A diode does not half the voltage! It halfs the power. I assume you have 240V. A diode reduces the voltage to 240V*0.707=170V

Surely it will just half-wave rectify and you will still have the peak voltage present - 240*1.414=340V, not 170.
If you stick a capacitor after that what you get depends on the load and value.

Eh, no.
He was speaking of RMS voltage. The RMS voltage of half-wave rectified mains (which is 230V in UK) is 163V. Do the math, it checks out.

Ok, true enough but the peak is still 170  325-357V.

AC dropper caps only work when you only have AC currents in your circuit. This is not a trait of a half-wave rectifier.

Agree, but you put the cap before the rect - this seems normal in consumer electronics with transformerless supplies, obviously at less current than 6A though.

I don't think any one has suggested this was a good idea and it sounds like Simon has seen sense and found some mains fans to use.

[Dave]

He was speaking of RMS voltage. The RMS voltage of half-wave rectified mains (which is 230V in UK) is 163V. Do the math, it checks out.

Ok, true enough but the peak is still 170.

No, the peak is 325V.

Agree, but you put the cap before the rect - this seems normal in consumer electronics with transformerless supplies, obviously at less current than 6A though.

Before a bridge rectifier, yes. Before a half-wave rectifier, absolutely not.

[Simon]

Dave

No I don't have much experience with bodges, I tend to avoid them too hence as already stated a straight 240V option is under way. I just thought it worth thrashing out every concept.

The air will be fairly clean as they are drawing air through what amounts to a guard but yes that still does not account for variations in life span and i have reiterated continually that a 240V option is best.
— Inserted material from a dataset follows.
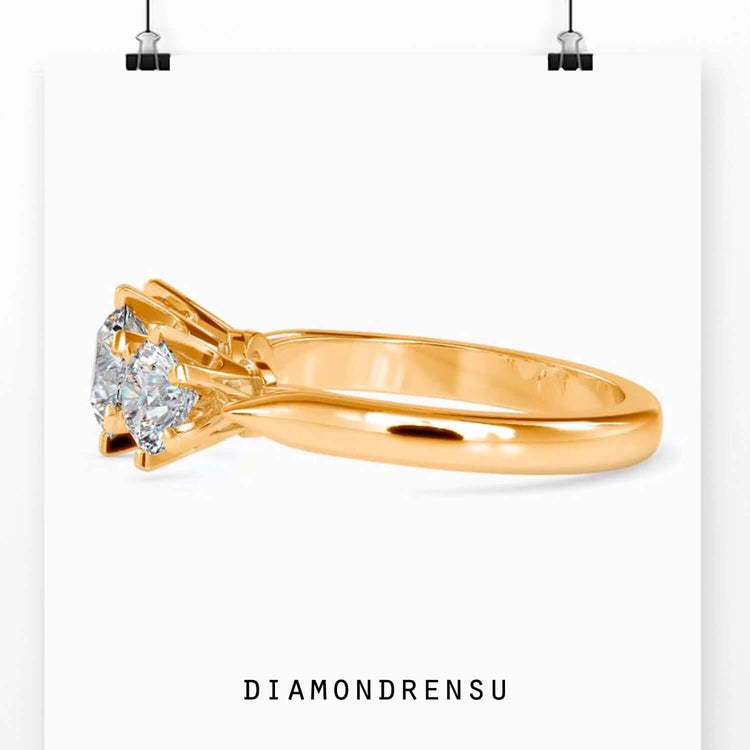 Lab grown diamond engagement ring in tab prong 3 stone design.

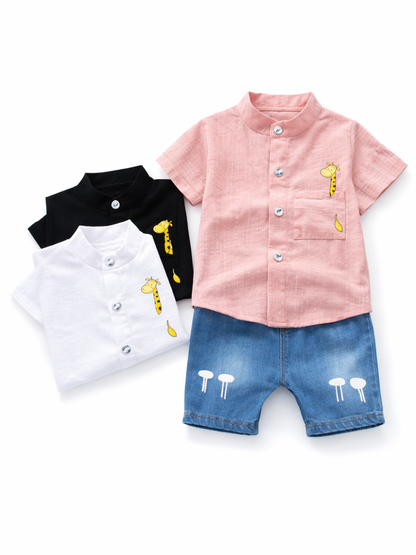 白い背景に、子ども用のスタンドカラー半袖シャツ3枚（ピンク、ブラック、ホワイト）とデニムショートパンツがフラットレイで配置されている。シャツには胸ポケットとキリンのワンポイントがあり、ショートパンツの裾付近に白いプリントが入っている。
We don't really have room for a power supply anyway.

[grumpydoc]

Ok, true enough but the peak is still 170.

No, the peak is 325V.

Oops - typo; I did say 340 earlier (assuming 240V mains, in fact as mains can be 253V then the max peak would be 357V)

Agree, but you put the cap before the rect - this seems normal in consumer electronics with transformerless supplies, obviously at less current than 6A though.

Before a bridge rectifier, yes. Before a half-wave rectifier, absolutely not.

Again, that's what I suggested - seen a single diode in crappy low current consumer stuff though.